* What you have to do *
Would you please return the lines of the entries below starting at the line that has "PEUGEOT 308 1,6" and ending at the line that has "2014 Infiniti Qx70", both included, exactly as they are?

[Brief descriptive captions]
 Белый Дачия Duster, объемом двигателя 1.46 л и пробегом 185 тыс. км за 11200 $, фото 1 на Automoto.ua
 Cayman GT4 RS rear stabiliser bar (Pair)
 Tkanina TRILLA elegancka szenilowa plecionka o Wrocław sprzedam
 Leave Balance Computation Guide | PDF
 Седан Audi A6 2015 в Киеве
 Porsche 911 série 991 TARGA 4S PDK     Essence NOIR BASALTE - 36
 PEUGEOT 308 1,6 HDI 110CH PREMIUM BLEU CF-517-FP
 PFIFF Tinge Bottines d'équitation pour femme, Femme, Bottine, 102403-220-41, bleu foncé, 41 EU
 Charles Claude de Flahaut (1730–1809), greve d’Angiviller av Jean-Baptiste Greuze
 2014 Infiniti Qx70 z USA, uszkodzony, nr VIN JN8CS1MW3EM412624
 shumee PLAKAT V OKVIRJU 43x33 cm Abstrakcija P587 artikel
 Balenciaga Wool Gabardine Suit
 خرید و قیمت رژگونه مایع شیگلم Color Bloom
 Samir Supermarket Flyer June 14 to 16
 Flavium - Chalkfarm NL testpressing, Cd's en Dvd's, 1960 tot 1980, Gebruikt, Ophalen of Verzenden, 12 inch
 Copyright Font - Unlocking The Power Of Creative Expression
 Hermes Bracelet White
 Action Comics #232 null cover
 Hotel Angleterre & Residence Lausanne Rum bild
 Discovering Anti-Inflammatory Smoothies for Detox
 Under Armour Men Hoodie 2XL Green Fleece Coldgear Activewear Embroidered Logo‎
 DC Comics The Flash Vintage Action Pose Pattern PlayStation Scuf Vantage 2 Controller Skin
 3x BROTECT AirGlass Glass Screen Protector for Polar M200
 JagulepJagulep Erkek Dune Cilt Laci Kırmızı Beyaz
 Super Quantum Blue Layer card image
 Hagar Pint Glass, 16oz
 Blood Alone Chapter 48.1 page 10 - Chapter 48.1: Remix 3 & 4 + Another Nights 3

* Answer space *
 PEUGEOT 308 1,6 HDI 110CH PREMIUM BLEU CF-517-FP
 PFIFF Tinge Bottines d'équitation pour femme, Femme, Bottine, 102403-220-41, bleu foncé, 41 EU
 Charles Claude de Flahaut (1730–1809), greve d’Angiviller av Jean-Baptiste Greuze
 2014 Infiniti Qx70 z USA, uszkodzony, nr VIN JN8CS1MW3EM412624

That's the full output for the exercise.